Problem
The line that contains "Jetons coccinelle en" marks the start. Please set it down, with every later line of the data, exactly and without pictures.

Entries provided
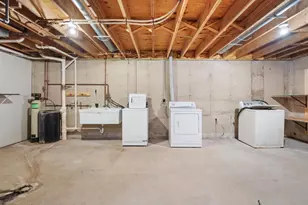 1722 S Thompson Dr, Madison, WI 53716 - Photo 25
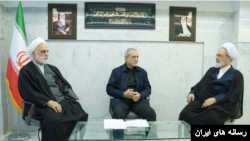 «شورای موقت رهبری» جمهوری اسلامی | از راست علیرضا اعرافی، مسعود پزشکیان و غلامحسین محسنی اژه‌ای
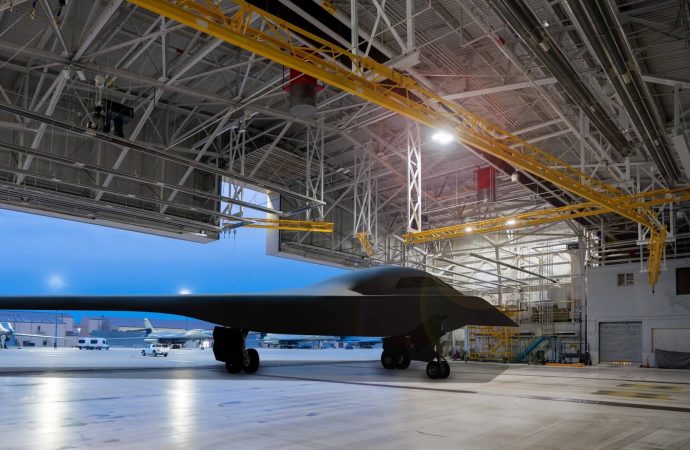 Novos B-21 mostram o futuro dos bombardeiros estratégicos da USAF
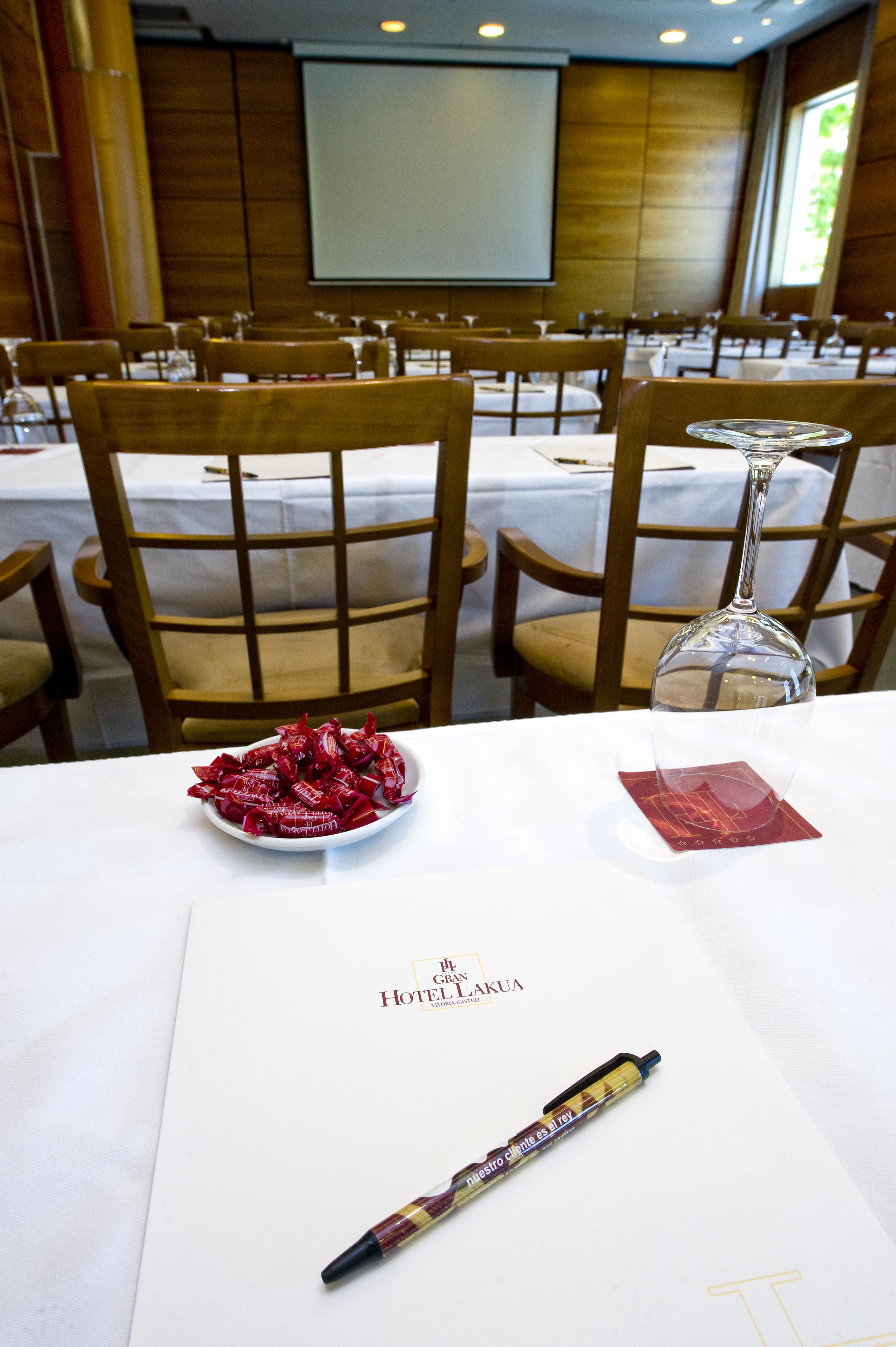 Gran Hotel Lakua Vitoria-Gasteiz Kültér fotó A bowl of rose petals at a wedding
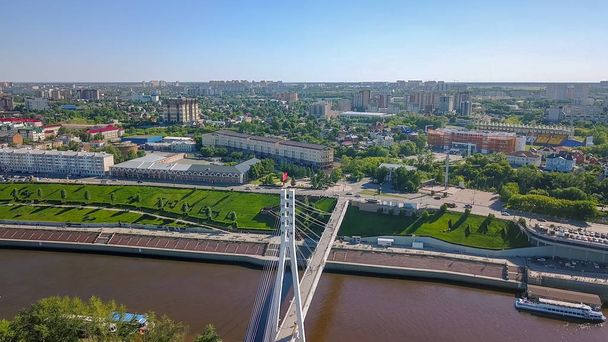 Közösségi híd. Panoráma a város Krasznojarszk. Oroszország, Dronból   - Fotó, kép
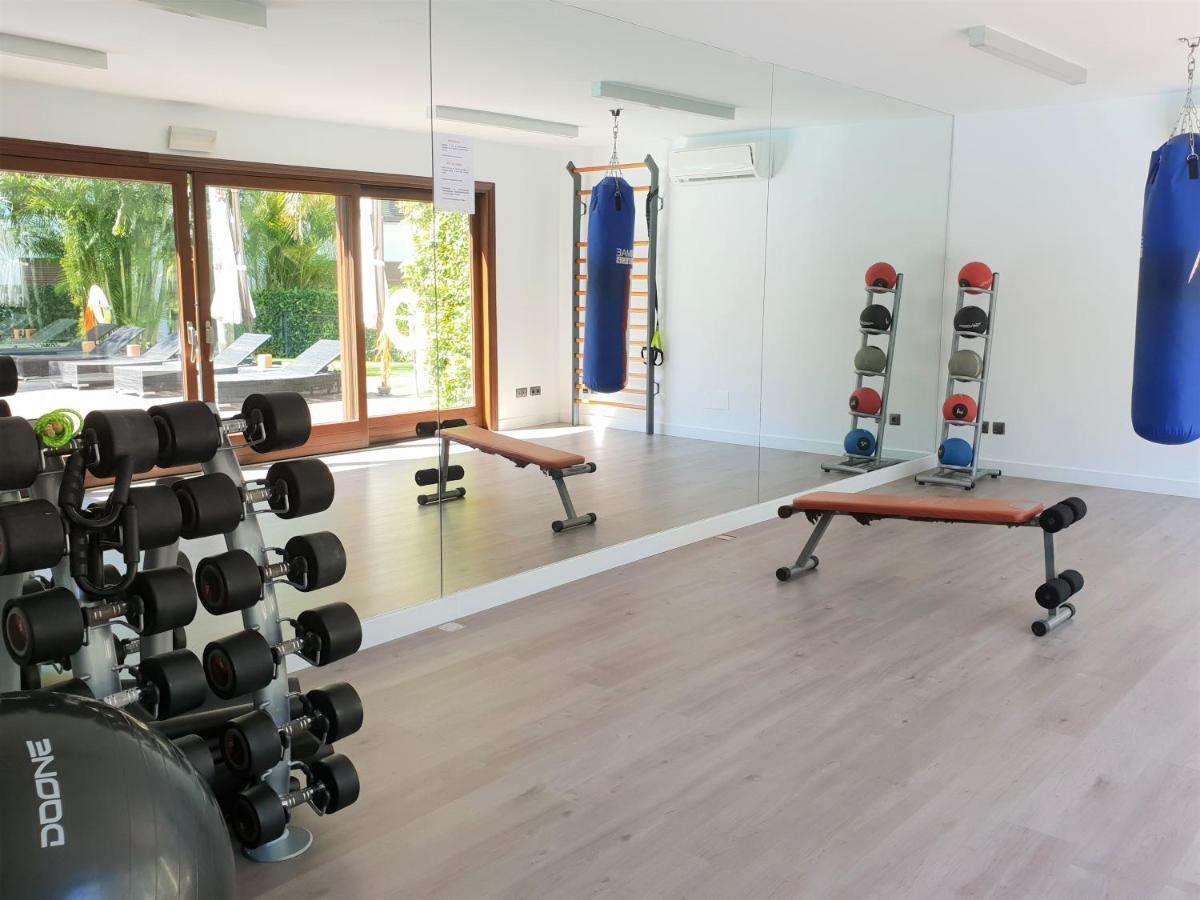 Luxury Apartment Frontal Beach In Doncella Beach Estepona Exterior foto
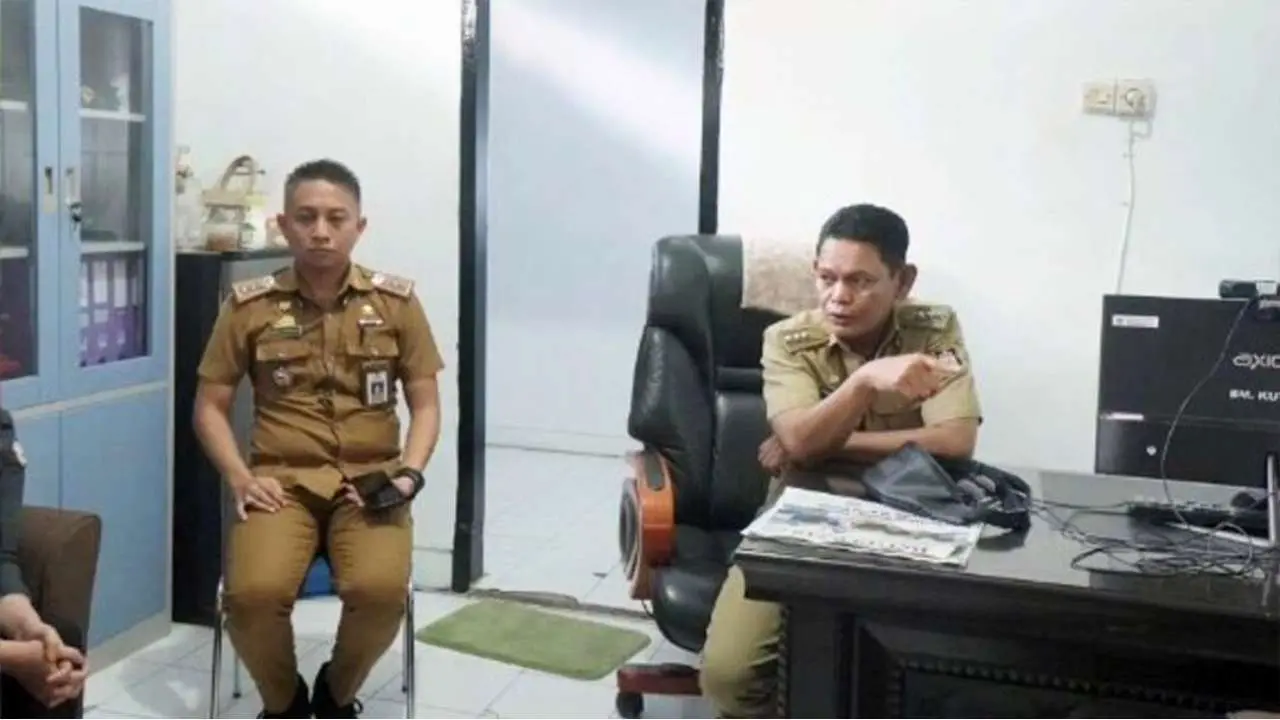 Bahas Kedisiplinan, Camat Ujung Tanah Gelar Rakor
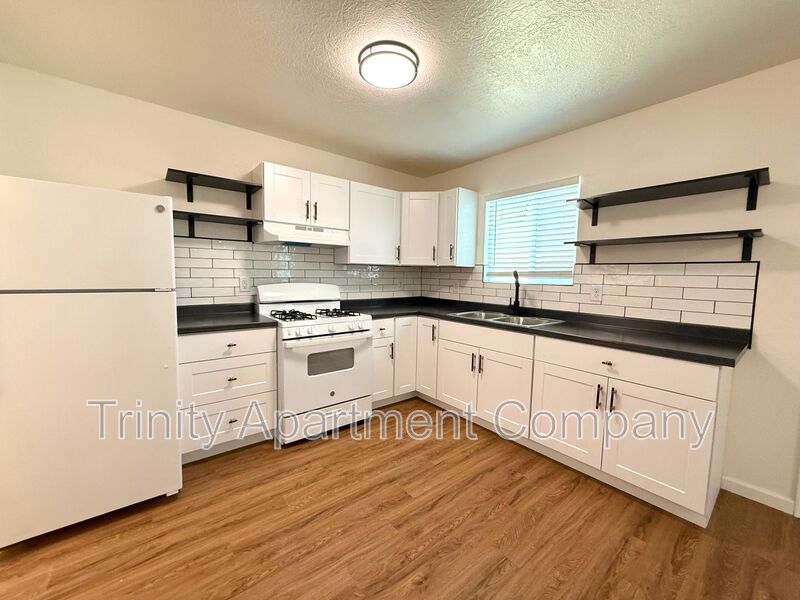 Albuquerque Condo: 2100 High st Se - 2100 High St Se- Unit B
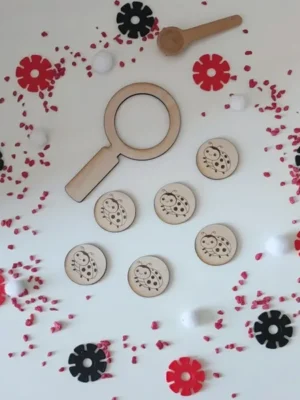 Jetons coccinelle en bois avec loupe et éléments sensoriels activité éducative enfant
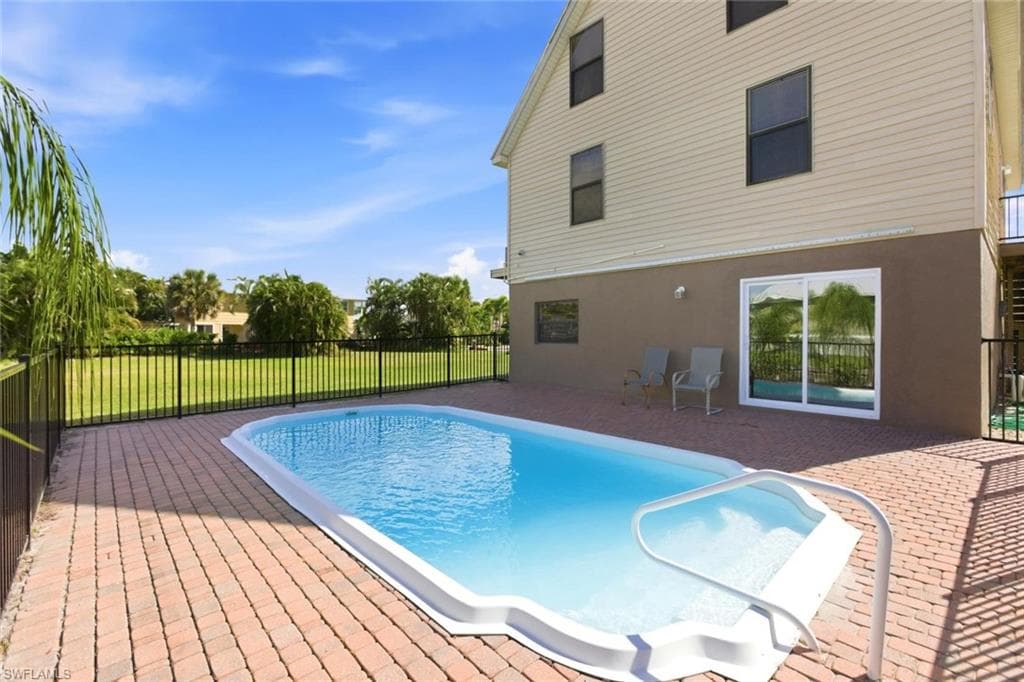 4748 Jackfish St, Bonita Springs, FL 34134-12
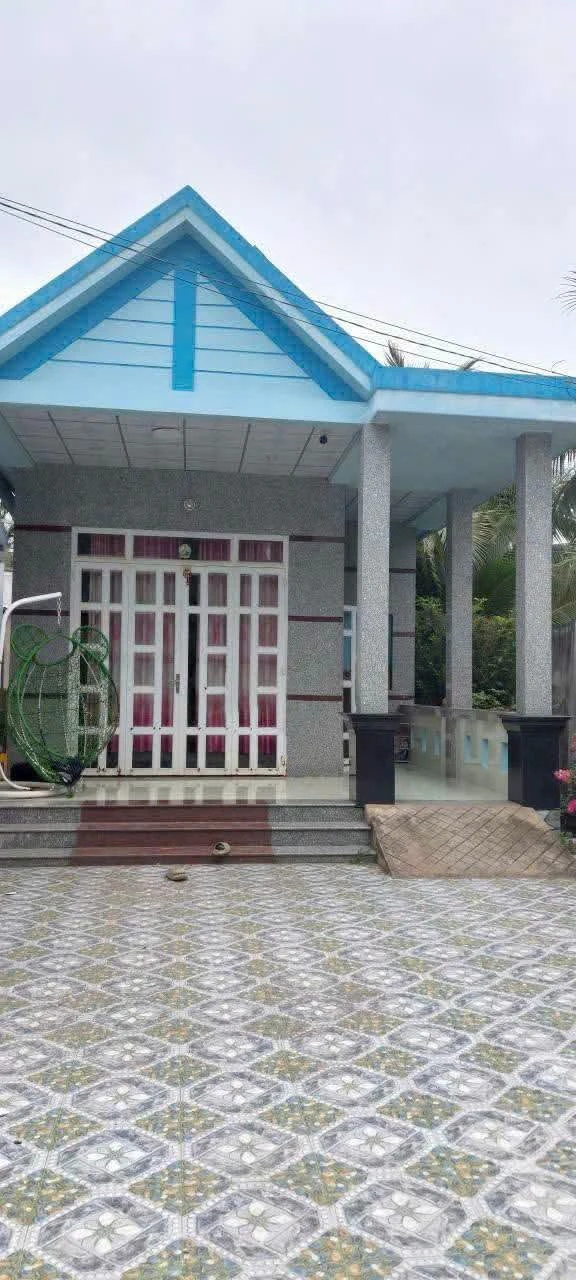 Bán nhà phố Phú Tân 318m² 3 phòng ngủ 990 triệu - Ảnh 1
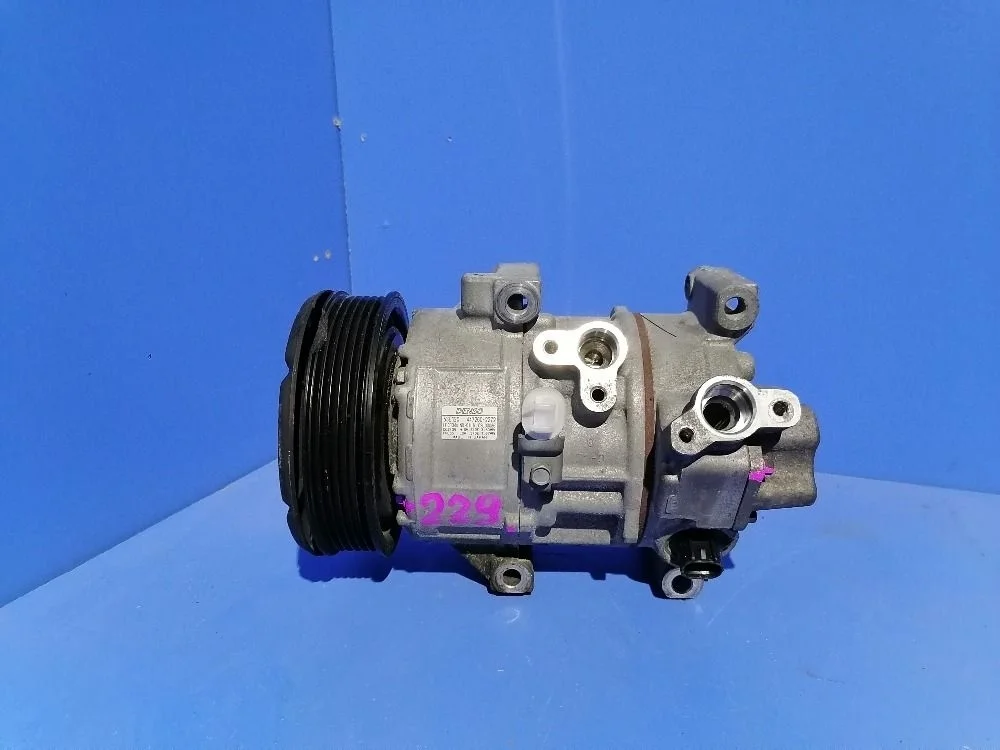 Компрессор кондиционера Toyota Avensis T250 (2003—2006) 883101A760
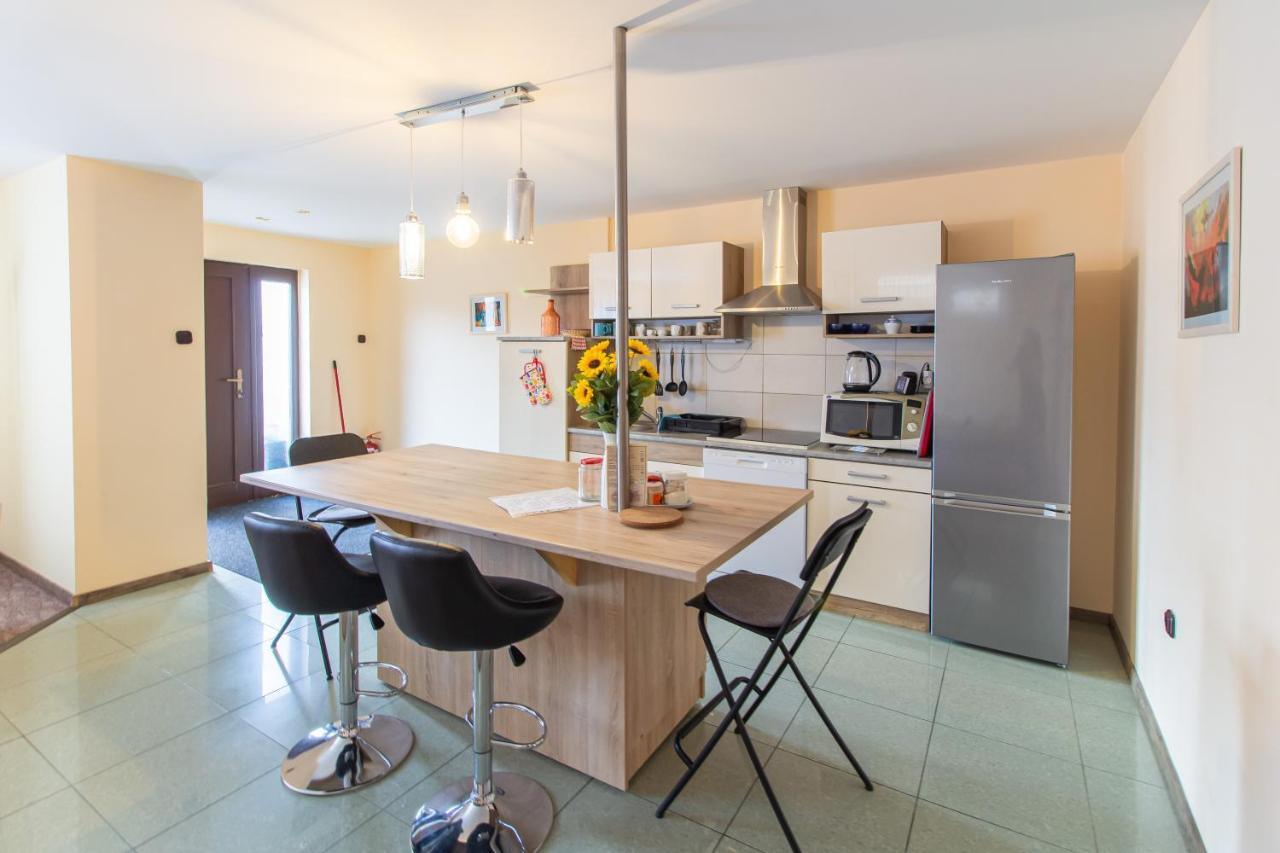 Deli Terasz B Apartman Free Parking, Self-Check-In Anytime Дьор Екстериор снимка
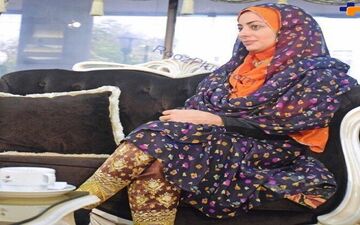لباس عجیب و غیر معمولی بازیگر زن مشهور در برنامه زنده+ عکس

Exercise output
 Jetons coccinelle en bois avec loupe et éléments sensoriels activité éducative enfant
 4748 Jackfish St, Bonita Springs, FL 34134-12
 Bán nhà phố Phú Tân 318m² 3 phòng ngủ 990 triệu - Ảnh 1
 Компрессор кондиционера Toyota Avensis T250 (2003—2006) 883101A760
 Deli Terasz B Apartman Free Parking, Self-Check-In Anytime Дьор Екстериор снимка
لباس عجیب و غیر معمولی بازیگر زن مشهور در برنامه زنده+ عکس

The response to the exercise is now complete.